I read the links a few times. I feel like I'm getting a bit lost connecting
them to the instruction latency issue being considered. Maybe that's not
even the point anymore, I'm not focused.
What I'm sure is that between errata, language barriers and maybe some slip
error the documentation around is fairly inconsistent.

*When the linearized work size is < native wavefront size the hardware is
The ALU still dispatches at full rate but the some elements of a SIMD will
be masked out. In the profiler this produces high VALUBusy% but low
VALUUtilization% (how many elements of a SIMD are valid). This matches my
experience and the picture with the grayed mask. Size 32 ->
VALUUtilization% <= 50%, Size 8 -> VALUUtilization <= 12.5%, but VALUBusy%
can still be 100%.

*It is necessary to provide at least 1 Wavefront each SIMD.*
In my experience even in this case the performance is very low but I cannot
tell whatever this is related to ALU operation itself or something else
ticking inefficiently. The benefit going to occupancy 1/10 to 2/10 is
usually immense but that could well be due to memory latency hiding alone.

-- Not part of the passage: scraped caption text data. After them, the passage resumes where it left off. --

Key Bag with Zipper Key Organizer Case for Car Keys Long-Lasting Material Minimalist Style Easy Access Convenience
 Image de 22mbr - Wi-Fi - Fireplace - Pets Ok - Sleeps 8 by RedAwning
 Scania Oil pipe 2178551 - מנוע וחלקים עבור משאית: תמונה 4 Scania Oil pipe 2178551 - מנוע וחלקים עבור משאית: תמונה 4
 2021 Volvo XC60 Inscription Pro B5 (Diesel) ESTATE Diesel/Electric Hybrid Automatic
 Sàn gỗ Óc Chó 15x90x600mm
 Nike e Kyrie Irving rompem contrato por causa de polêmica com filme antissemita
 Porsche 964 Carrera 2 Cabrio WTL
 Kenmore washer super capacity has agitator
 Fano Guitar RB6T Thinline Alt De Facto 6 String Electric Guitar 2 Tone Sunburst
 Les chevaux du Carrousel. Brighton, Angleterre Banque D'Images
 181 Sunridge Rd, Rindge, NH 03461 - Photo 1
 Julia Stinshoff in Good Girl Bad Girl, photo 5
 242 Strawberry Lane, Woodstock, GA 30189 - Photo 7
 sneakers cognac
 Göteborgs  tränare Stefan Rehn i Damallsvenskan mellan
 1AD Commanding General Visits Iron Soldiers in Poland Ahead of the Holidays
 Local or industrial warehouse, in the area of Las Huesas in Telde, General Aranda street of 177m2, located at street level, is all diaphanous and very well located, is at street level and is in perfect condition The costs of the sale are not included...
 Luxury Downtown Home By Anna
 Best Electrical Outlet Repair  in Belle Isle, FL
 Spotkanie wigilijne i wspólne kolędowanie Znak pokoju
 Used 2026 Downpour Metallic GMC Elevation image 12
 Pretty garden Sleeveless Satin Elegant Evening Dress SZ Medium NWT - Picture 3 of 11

*It seems some instructions even have variable clock count.*
Taking from codeXL disassembly of SecondSmix1, S_CBRANCH_EXECNZ (there are
6) is reported as taking 4/16 clocks (depending if coherent or not).
V_CMP_GT_U64 (1!) takes 32 clocks.
The rest are only SALU ops such as S_AND_SAVEEXEC_B64 (8), S_ANDN2_B64
(13?), S_MOV_B64 (33), S_AND_B64 (6). They all take 4 clocks. This is from
~2400 ops. *Where did the 64-bit ops go?* I'm surprised as well.

Your observation about LDS layout is accurate and matches my understanding.

I made an error in quoting the message from himanshu.
Emphasis was made on the 3 quarters of a wavefront being used to hide
instruction latency but I agree that he doesn't make much sense as it seems
to contradict the grayed image (as well as my understanding). In my mind I
probably "auto-corrected" CU to "SIMD unit". This would *make sense*. The
chip-level dispatcher puts wavefronts to CUs and the CUs distribute them to
the SIMD lanes as they become available. The SIMD is 16 uint wide so it
needs 4 clocks to process 64 WIs in packed registers (similarly to some
CPUs). Then if the ALU is 4-stage pipeline we have basically 0 latency.
While the CU-level dispatcher waits for those 4 clocks, it dispatches to
the other SIMD lanes.
That's probably the "4 stages pipeline" realhet writes as:

stage0,         stage1,         stage2,         stage3
instr0[ 0..15], idle,           idle,           idle
instr0[16..31], instr0[ 0..15], idle,           idle
instr0[32..47], instr0[16..31], instr0[ 0..15], idle
instr0[48..63], instr0[32..47], instr0[16..31], instr0[ 0..15]
And here we are at 4 cycle latency: the workitems[0..15] of Instr0 is
completed, the ALU can continue with the first quarter of the next
instr1[0..15], instr0[48..63], instr0[32..47], instr0[16..31]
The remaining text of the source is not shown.